Activity:
Return all the entries below exactly, except for the images they hold.

Material for the task:
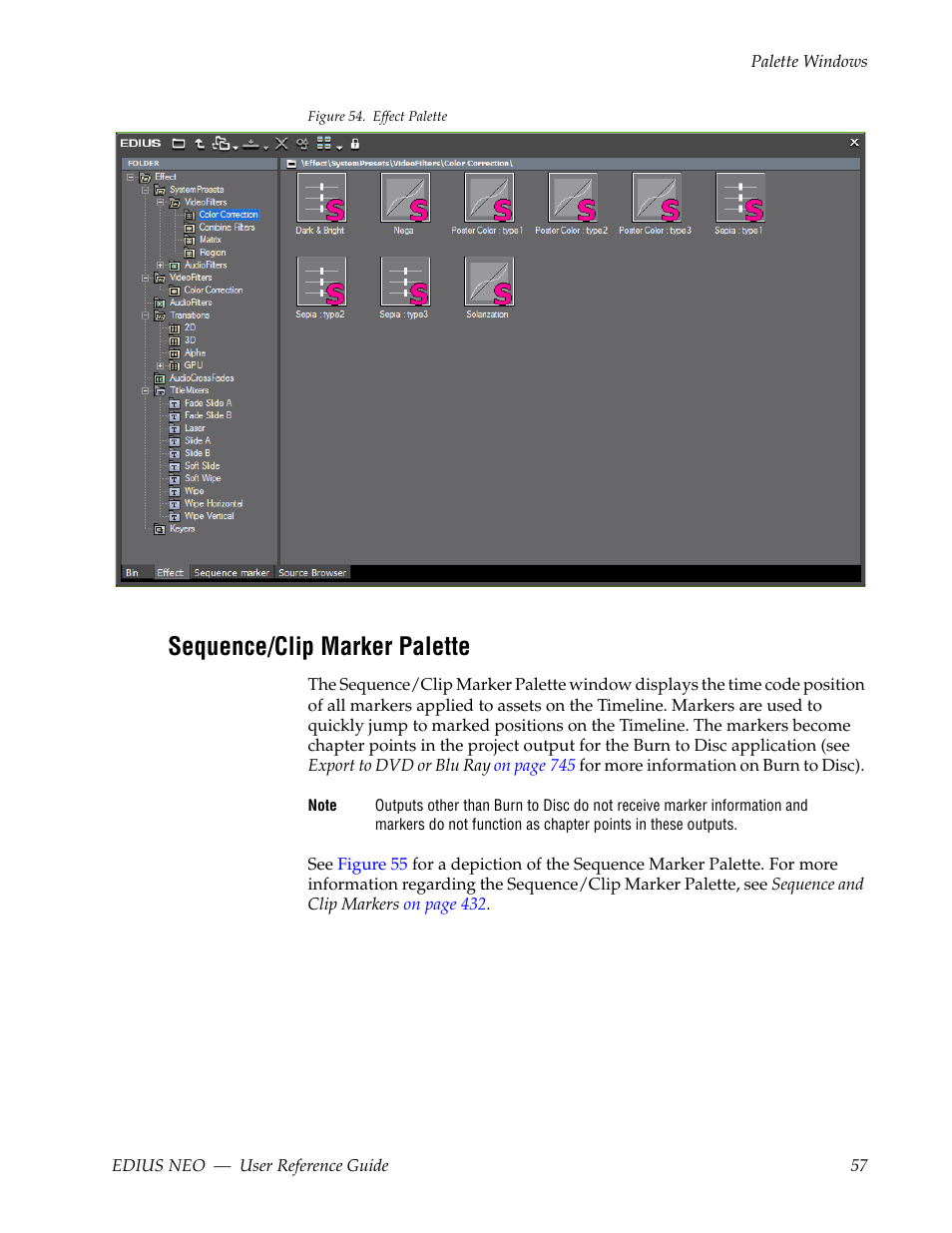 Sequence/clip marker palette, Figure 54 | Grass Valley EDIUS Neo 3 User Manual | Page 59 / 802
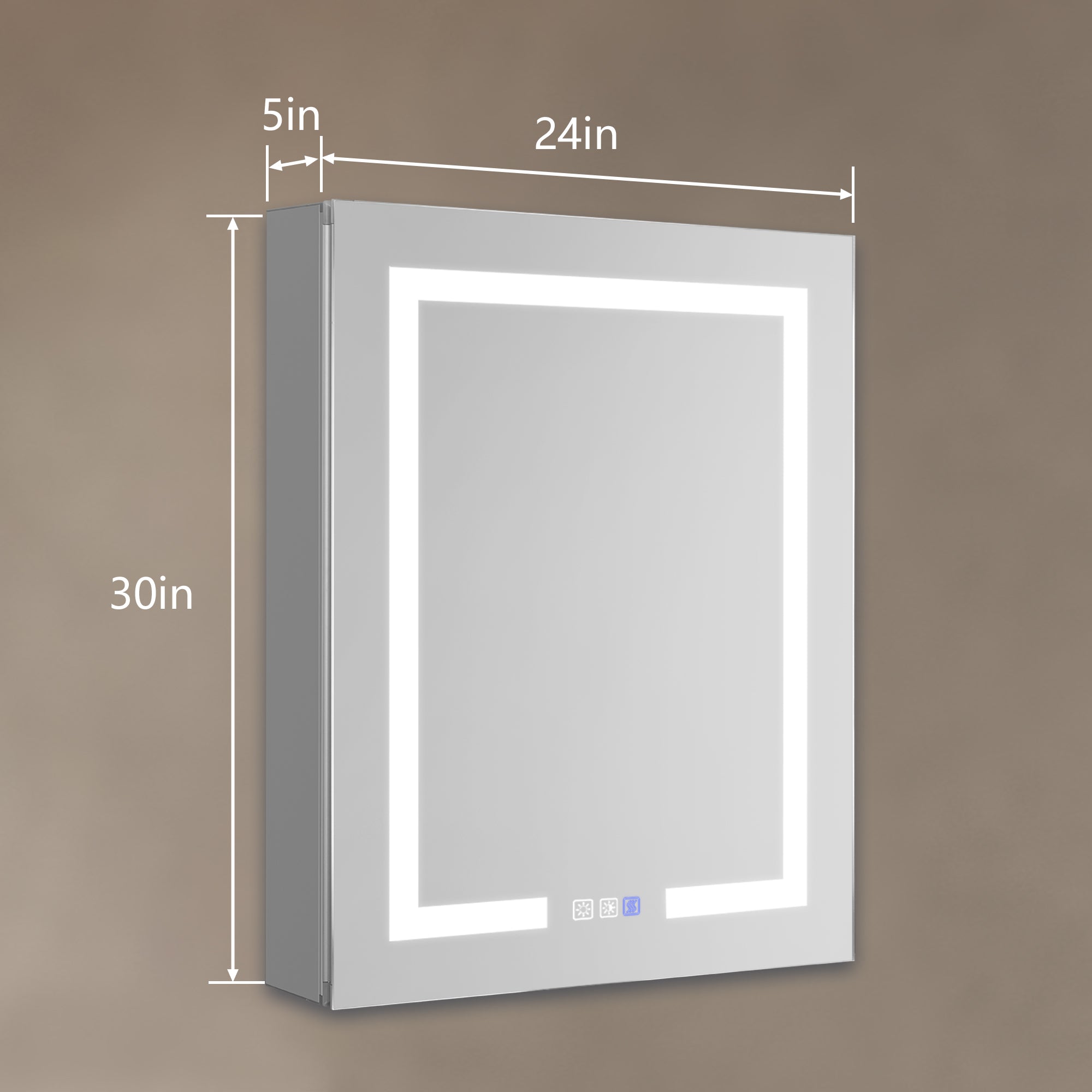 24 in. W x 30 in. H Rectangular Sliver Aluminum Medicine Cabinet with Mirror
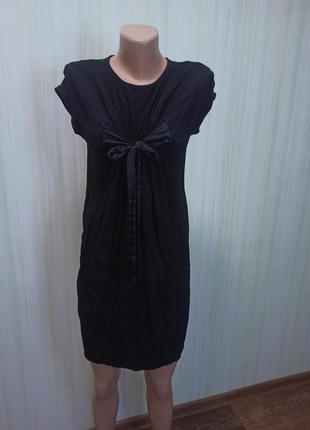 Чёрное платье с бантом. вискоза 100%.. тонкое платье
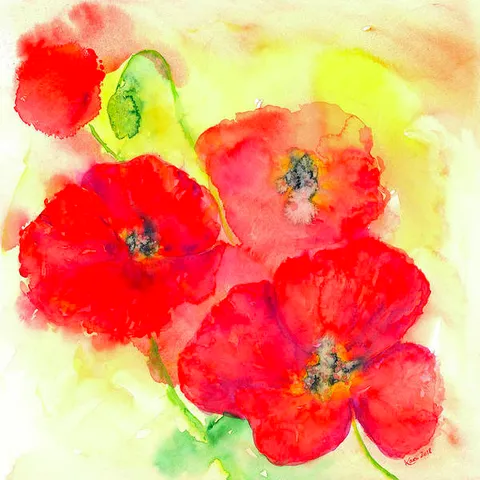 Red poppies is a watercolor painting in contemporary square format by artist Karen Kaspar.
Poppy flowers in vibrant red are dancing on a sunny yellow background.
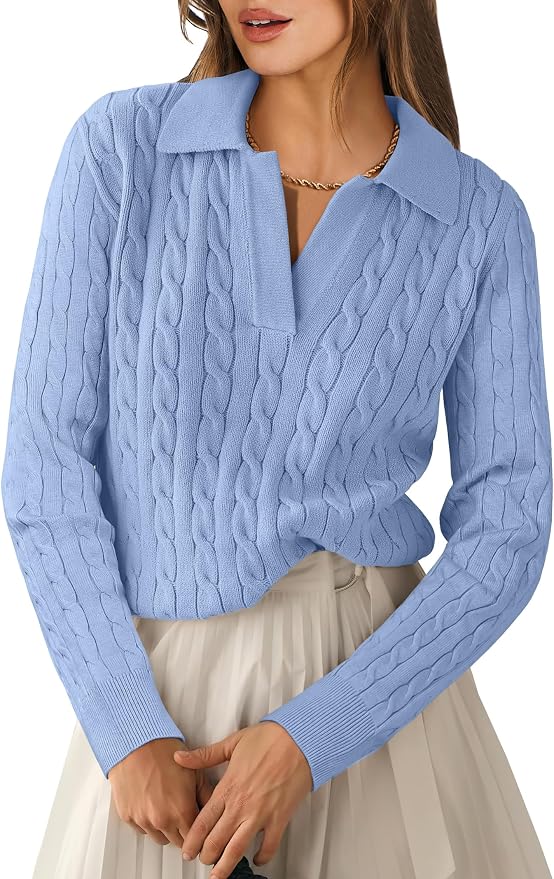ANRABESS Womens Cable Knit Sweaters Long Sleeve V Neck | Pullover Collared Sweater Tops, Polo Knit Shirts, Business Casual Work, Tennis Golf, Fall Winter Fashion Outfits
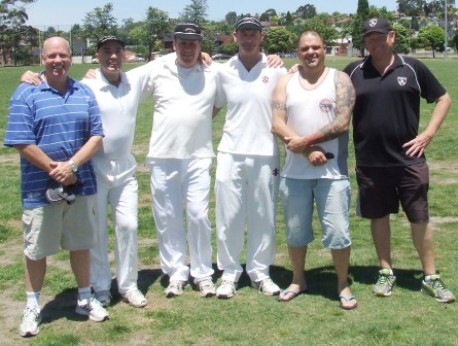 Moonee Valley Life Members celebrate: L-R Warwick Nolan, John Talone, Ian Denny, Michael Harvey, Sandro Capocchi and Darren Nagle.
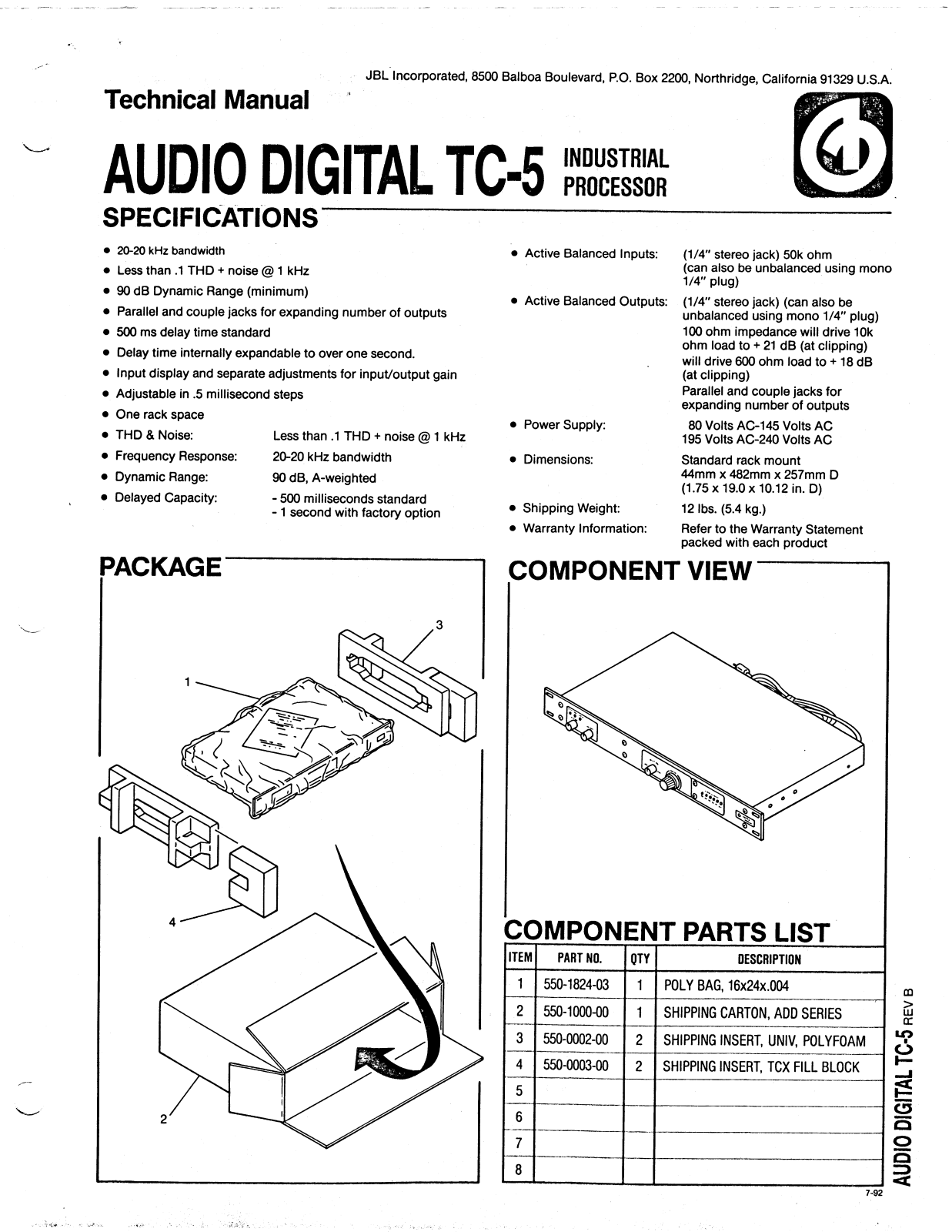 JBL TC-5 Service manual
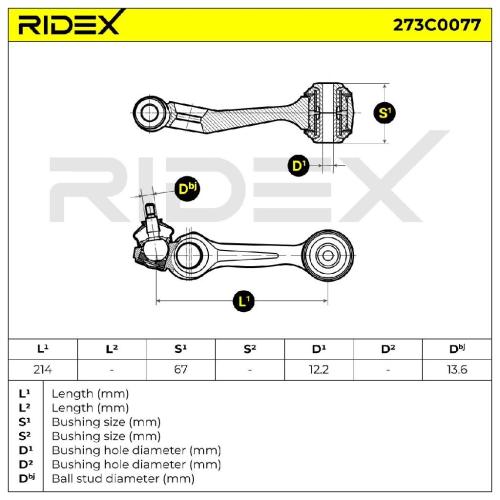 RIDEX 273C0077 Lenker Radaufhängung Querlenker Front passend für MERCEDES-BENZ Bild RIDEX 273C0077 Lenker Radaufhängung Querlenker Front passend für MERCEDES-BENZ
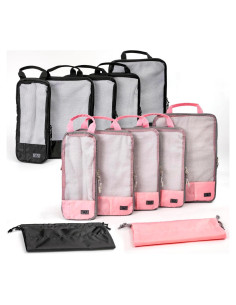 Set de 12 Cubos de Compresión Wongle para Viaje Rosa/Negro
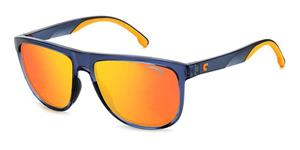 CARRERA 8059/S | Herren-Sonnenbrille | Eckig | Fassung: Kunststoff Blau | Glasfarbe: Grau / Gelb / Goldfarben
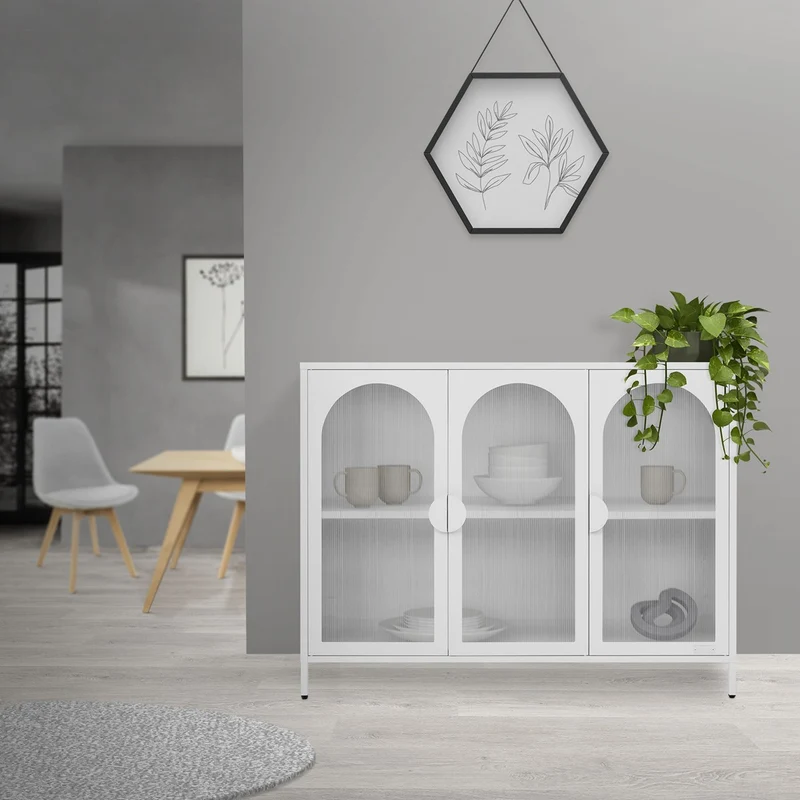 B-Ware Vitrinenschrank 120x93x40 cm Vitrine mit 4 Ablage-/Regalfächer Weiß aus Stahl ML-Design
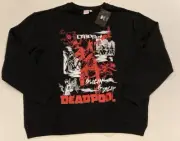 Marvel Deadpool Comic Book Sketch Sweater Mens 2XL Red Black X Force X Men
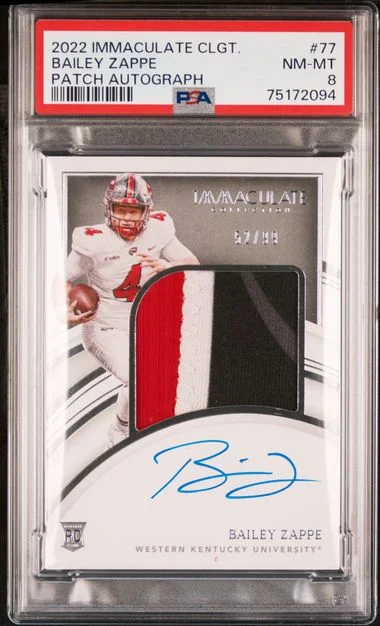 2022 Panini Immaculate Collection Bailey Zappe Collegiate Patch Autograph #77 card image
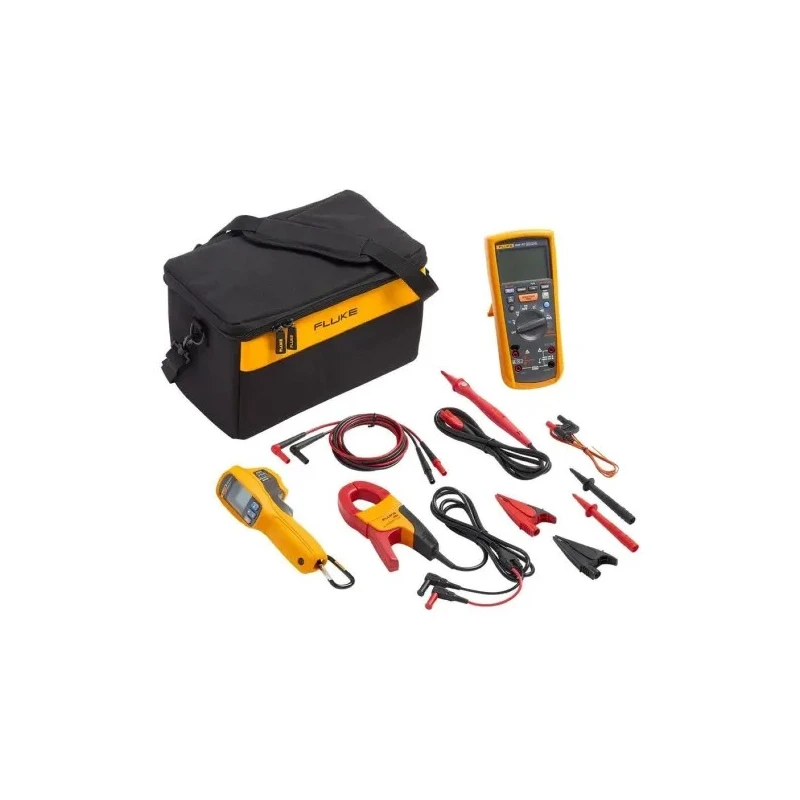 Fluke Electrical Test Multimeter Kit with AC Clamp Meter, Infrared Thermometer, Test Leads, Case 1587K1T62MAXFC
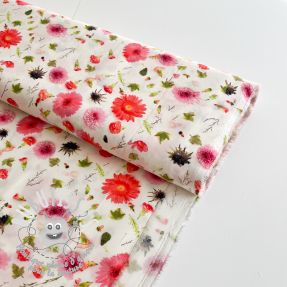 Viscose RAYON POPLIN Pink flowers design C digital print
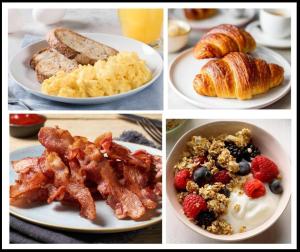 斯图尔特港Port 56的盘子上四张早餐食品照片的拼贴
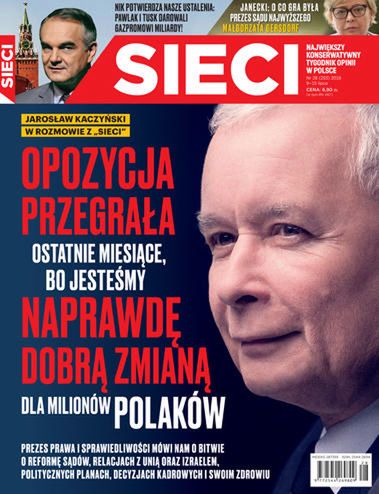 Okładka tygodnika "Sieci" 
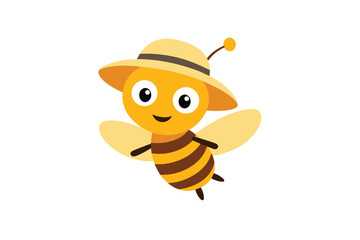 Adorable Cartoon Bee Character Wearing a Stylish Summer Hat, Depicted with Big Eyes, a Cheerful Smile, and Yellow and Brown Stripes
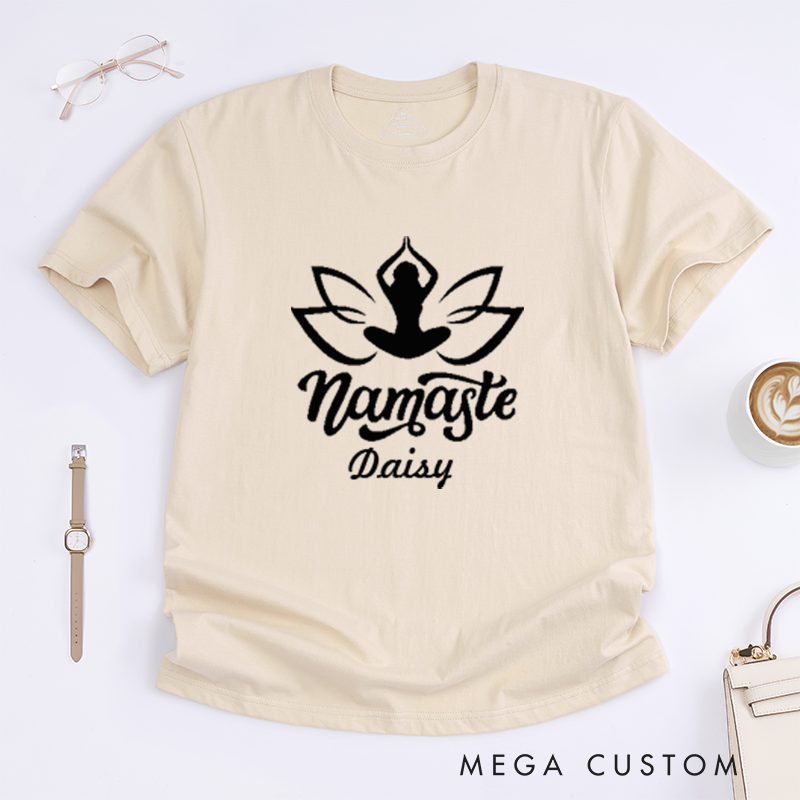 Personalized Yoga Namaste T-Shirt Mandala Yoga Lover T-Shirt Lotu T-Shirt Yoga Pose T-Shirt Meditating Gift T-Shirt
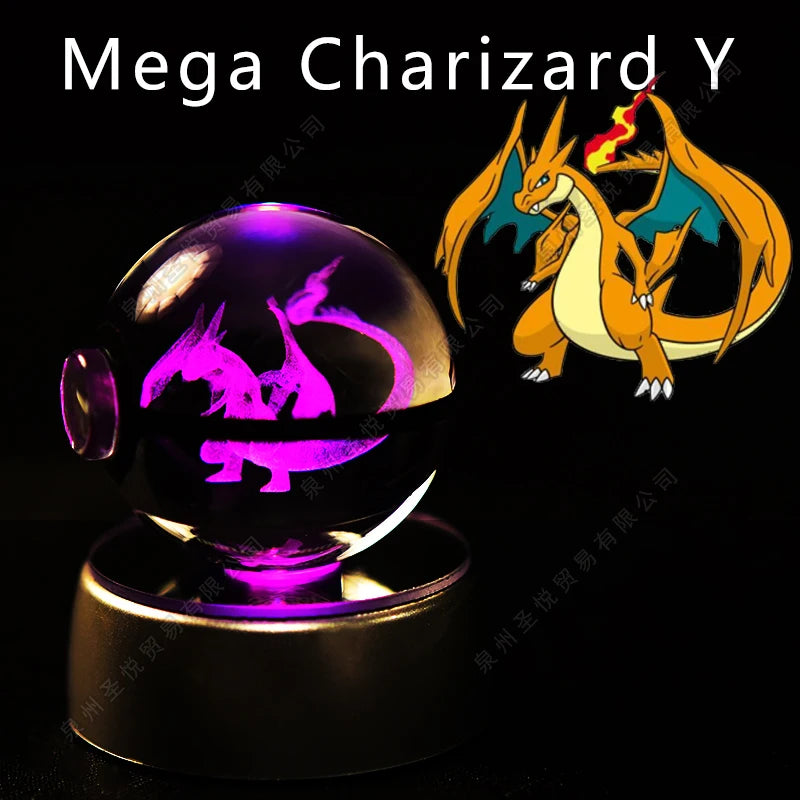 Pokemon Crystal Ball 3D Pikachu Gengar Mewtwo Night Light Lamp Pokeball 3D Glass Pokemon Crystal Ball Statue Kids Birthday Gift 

Answer to this exercise:
 Sequence/clip marker palette, Figure 54 | Grass Valley EDIUS Neo 3 User Manual | Page 59 / 802
 24 in. W x 30 in. H Rectangular Sliver Aluminum Medicine Cabinet with Mirror
 Чёрное платье с бантом. вискоза 100%.. тонкое платье
 Red poppies is a watercolor painting in contemporary square format by artist Karen Kaspar.
Poppy flowers in vibrant red are dancing on a sunny yellow background.
ANRABESS Womens Cable Knit Sweaters Long Sleeve V Neck | Pullover Collared Sweater Tops, Polo Knit Shirts, Business Casual Work, Tennis Golf, Fall Winter Fashion Outfits
 Moonee Valley Life Members celebrate: L-R Warwick Nolan, John Talone, Ian Denny, Michael Harvey, Sandro Capocchi and Darren Nagle.
 JBL TC-5 Service manual
 RIDEX 273C0077 Lenker Radaufhängung Querlenker Front passend für MERCEDES-BENZ Bild RIDEX 273C0077 Lenker Radaufhängung Querlenker Front passend für MERCEDES-BENZ
 Set de 12 Cubos de Compresión Wongle para Viaje Rosa/Negro
 CARRERA 8059/S | Herren-Sonnenbrille | Eckig | Fassung: Kunststoff Blau | Glasfarbe: Grau / Gelb / Goldfarben
 B-Ware Vitrinenschrank 120x93x40 cm Vitrine mit 4 Ablage-/Regalfächer Weiß aus Stahl ML-Design
 Marvel Deadpool Comic Book Sketch Sweater Mens 2XL Red Black X Force X Men
 2022 Panini Immaculate Collection Bailey Zappe Collegiate Patch Autograph #77 card image
 Fluke Electrical Test Multimeter Kit with AC Clamp Meter, Infrared Thermometer, Test Leads, Case 1587K1T62MAXFC
 Viscose RAYON POPLIN Pink flowers design C digital print
 斯图尔特港Port 56的盘子上四张早餐食品照片的拼贴
 Okładka tygodnika "Sieci" 
 Adorable Cartoon Bee Character Wearing a Stylish Summer Hat, Depicted with Big Eyes, a Cheerful Smile, and Yellow and Brown Stripes
 Personalized Yoga Namaste T-Shirt Mandala Yoga Lover T-Shirt Lotu T-Shirt Yoga Pose T-Shirt Meditating Gift T-Shirt
 Pokemon Crystal Ball 3D Pikachu Gengar Mewtwo Night Light Lamp Pokeball 3D Glass Pokemon Crystal Ball Statue Kids Birthday Gift 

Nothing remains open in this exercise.